The principal legacy of the Royal Navy on Lake Ontario is the denial of American control of the lake at a critical time. The signal result was peace, independence, and the early beginnings of the world’s longest undefended border. This important legacy also belongs to the Provincial Marine, the French-Canadian and Loyalist shipbuilders, the brigades of bateaux men who brought supplies along the St. Lawrence River, and the men and women who supported them.
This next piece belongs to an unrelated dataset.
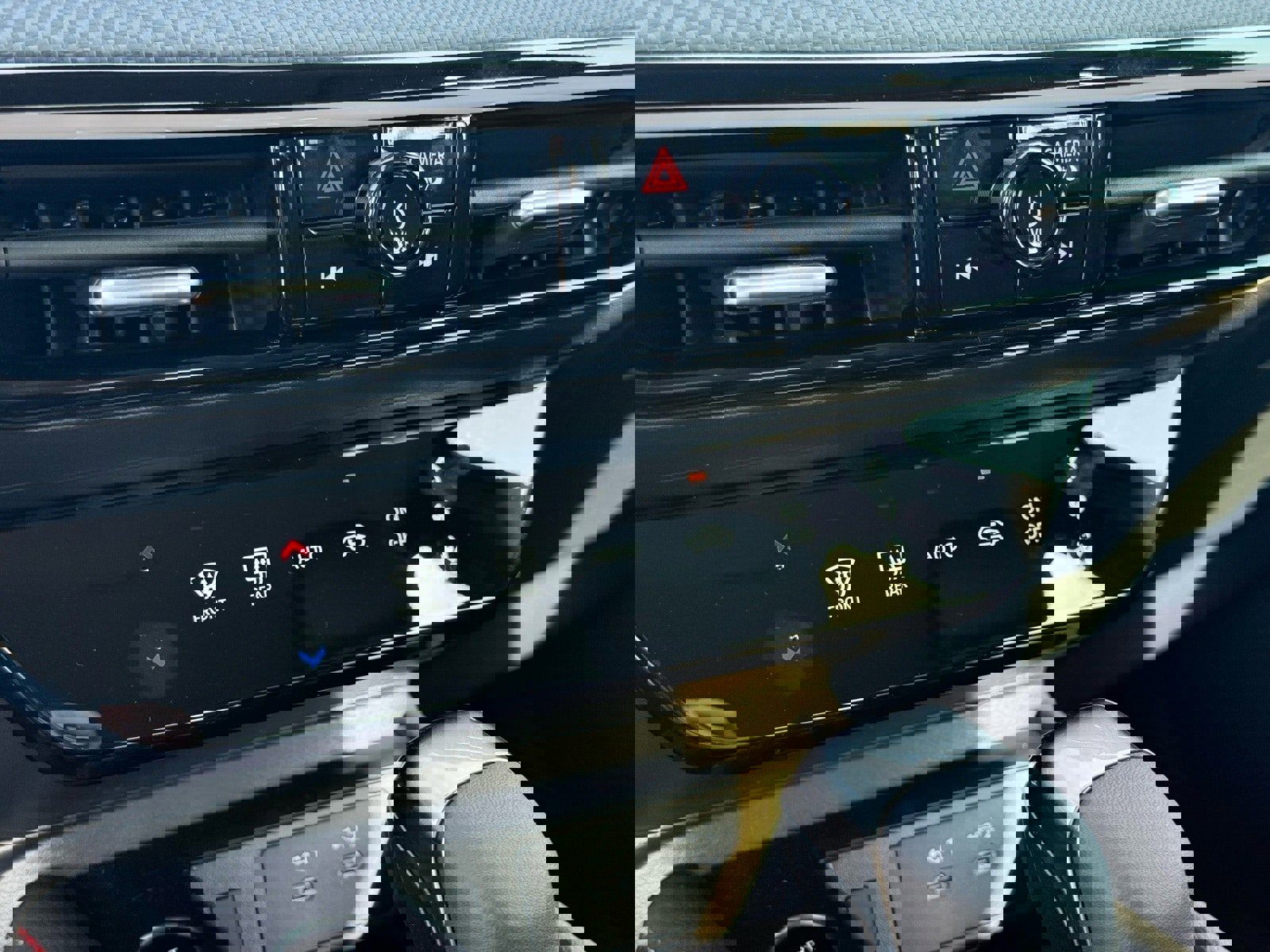 New 2025 Nissan Kicks SR image 27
The Provincial Marine was an early kind of national navy. It was armed and its authority derived from the head of the country, the governor general. As such, it is a historic precursor of the Royal Canadian Navy. Although most of the officers left the service when the Royal Navy arrived, more than 70 Provincial Marine seamen and shipwrights served on the lake during the War of 1812. The resources of the Point Frederick dockyard became those of the Royal Navy, a bridgehead toward an expanded yard. In denying the Americans control of Lake Ontario at a critical time, the Royal Navy accomplished its mission: the victory of repelling an invader had been achieved. This triumph was of lasting importance and critical to the future of Canada. It is no less a success for the Provincial Marine and is an important part of this historical legacy.

The recognition of this important history, a national achievement of both French and English on the site of an Indigenous campground, is a Point Frederick legacy that should be protected by Canadians, and by the officer and naval cadets who march along the shaded avenues of the Royal Military College of Canada.